I work a lot in India. Open defecation in India is a massive problem, currently being documented at length by researchers. Let me call attention to the Research Institute for Compassionate Economics in Delhi for this. The lack of sewers and sewage treatment in rapidly growing cities threatens the world with catastrophes that make Dickens’ London look benign. Can we pretend we don’t know what to do about this problem, at least in urban area? Can we pretend that money for such immediate demands will not be compromised if more money is to go to medical care? At least in some countries? Without being sure that there is no tradeoff with primary care in a country’s budget (I can attest there is such a tradeoff in India) – the “universal” part of universal health care is … irresponsible at best.

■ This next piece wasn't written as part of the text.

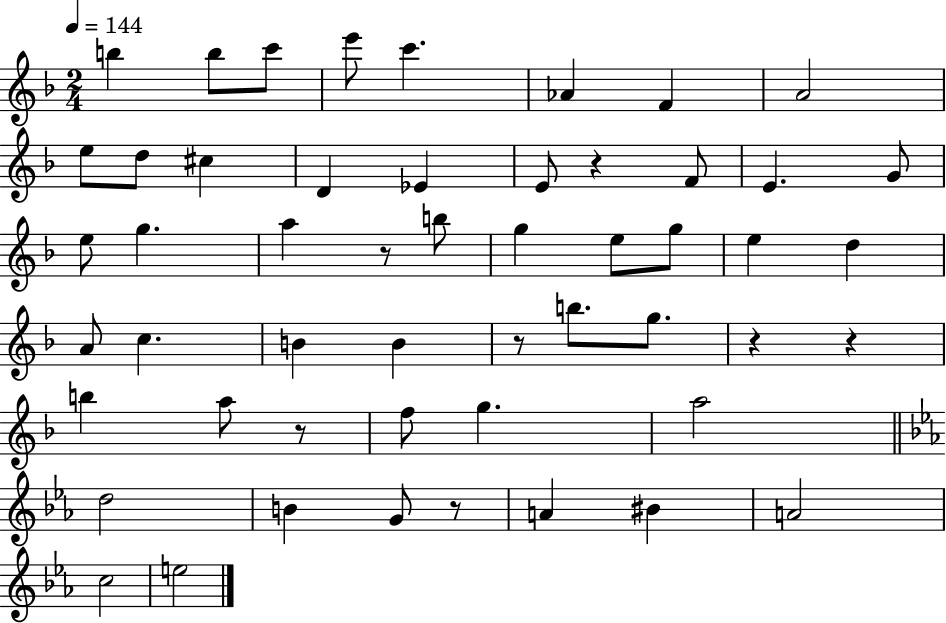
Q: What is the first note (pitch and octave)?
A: B5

The second gigantic market failure in health is the universal (I admit – this one could be universal) failure of health insurance markets. This I learned from Professor Arrow in his 1963 paper. But what kind of health problem is most compromised when insurance markets fail, the inexpensive kind (handled in primary care centers) or the expensive kind (handled in hospitals)? I would leave this as a rhetorical question but in order to not be misinterpreted, the answer is “expensive”. (There is a specious argument going around that lots of badly diagnosed problems at primary centers lead to large overall expenditures. This is specious on the policy front since much of this mis-diagnosis is done at public facilities. At least in many countries I know of. In any case, this “depends” and needs to be examined in context before universal statements are made about it.)
So, on conventional economic grounds, there is a very good argument for government intervention on public goods and on the risk/ insurance/ hospital set of problems. Not prima facie on primary health care (medical, curative) that is implied by “universality”. Whether health care is particularly important for poor people (not from protection from risk – that falls into the insurance problem that everyone faces) must be evaluated against everything else governments might do to rectify an unfair distribution of income. Health care is not an obvious choice in comparison to food, for example, or unconditional cash transfers. I will elaborate in another post.
On grounds of the variable degree of difficulty of administering different public policies, this can’t be constant across countries and can’t be assumed to justify publicly provided or insured primary care. From evidence that money often fails to reach clinics (Gauthier and Wane) to absenteeism (Kremer et al, Chaudhury et al)) to poor quality care (Das and Hammer, Das et al) to substitution with large private sectors (sorry, cross effects, of prices or distance, of public and private sectors are really hard to pin down and largely unknown but often suspected to be large since people shop around for both (Filmer et al, Leonard)) makes the net impact of public efforts to provide primary care very doubtful in general and, in any case, questionable frequently enough to make advocacy of universal provision … irresponsible at best.
In future posts I will elaborate on the distributional effect of public spending on health, on the track record of primary care provision and on the challenges of correcting insurance market failures mostly from a public administration/ public capacity perspective. For now I just want to flag the point that advocacy of a single policy prescription for every country of something that is questionable for each of those countries is… irresponsible at best.